Years before big league baseball returned to the city or school children planted the cherry trees whose blooms beautify Fort McHenry, another rite of Baltimore spring was already well established: Indulging in a lemon stick at Flower Mart, whose 2024 incarnation is underway. A peppermint stick set like a straw into the cut side of a lemon, the simple sweet and sour treat has changed little since being introduced to the festival in the 1920s. While the stick has stuck, some of the food or drink offerings it outlived are harder to envision today.

Milk as fresh as you can get

Beginning in 1920, the dairy industry and researchers had a “Tale of the Cow” exhibit at Flower Mart to extol what they said were the health benefits and affordability of dairy products. Among its advice, according to a May 10, 1920, Sun article: Serve butter with every meal. Eat ice cream up to five times a week. The following year the exhibitors planned to bring multiple live cows to Mt. Vernon Square, including one that was to be “milked whenever a Flower Mart visitor thirsty enough to like milk with the middleman eliminated happens along,” The Sun wrote on May 11, 1921. At later Flower Marts, the demo was done with a mechanical cow, but the festival long offered fresh milk, buttermilk and cheeses.

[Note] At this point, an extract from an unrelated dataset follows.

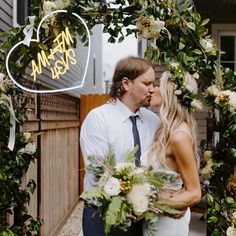 a man and woman kissing in front of a heart shaped neon sign that says we are married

Tea in fantastic and fantastical settings

Tea drinking customs shaped the schedule and footprint of early Flower Marts, which coincided with a proliferation of tea rooms in the U.S. amid a movement for women’s rights, the rise of the automobile, and Prohibition. Through the years festival goers sipped within a “picturesque tea house,” a tea garden within the Washington Monument grounds and a Parisian cafe on the square, according to Sun coverage. In 1934, the setting sounded fantastical, when it was written that dancers performing the Mad Hatter’s tea party scene from “Alice in Wonderland” drank with guests.

Saving butter and sugar, teaching vegetarianism and canning, and selling candy and cigarettes during World War II

There were no gatherings for Flower Mart in 1917 and 1918 during World War I or during the coronavirus pandemic in 2020 and 2021, but the event rolled on during World War II with adjustments to accommodate and support the war effort. In 1945, the final year of the war, organizers saved up sugar and butter for weeks as rationing limited the sweets and sandwiches that could be offered. A couple years earlier, in an interview with The Sun, a vendor selling fragrant flowers and ration book covers acknowledged the tension between the celebration and sacrifice, though apparently did not offer commentary on the costumed girls who sold cigarettes and candy. Victory gardens were an emphasis, and exhibits on vegetarianism and canning appeared.